_DATASET EXTRACT_:
════════════════════
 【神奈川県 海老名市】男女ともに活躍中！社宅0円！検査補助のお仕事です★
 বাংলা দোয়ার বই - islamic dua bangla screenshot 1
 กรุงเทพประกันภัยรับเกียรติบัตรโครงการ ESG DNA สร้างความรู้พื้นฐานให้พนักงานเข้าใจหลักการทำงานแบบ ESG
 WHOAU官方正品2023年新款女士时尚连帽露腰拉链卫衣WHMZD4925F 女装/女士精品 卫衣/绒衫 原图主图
════════════════════
_YOUR INSTRUCTIONS_: Beginning with the line that contains "বাংলা দোয়ার বই" and ending with the last line of the data above, return those lines exactly and nothing else.

_THE COMPLETED TASK_:
 বাংলা দোয়ার বই - islamic dua bangla screenshot 1
 กรุงเทพประกันภัยรับเกียรติบัตรโครงการ ESG DNA สร้างความรู้พื้นฐานให้พนักงานเข้าใจหลักการทำงานแบบ ESG
 WHOAU官方正品2023年新款女士时尚连帽露腰拉链卫衣WHMZD4925F 女装/女士精品 卫衣/绒衫 原图主图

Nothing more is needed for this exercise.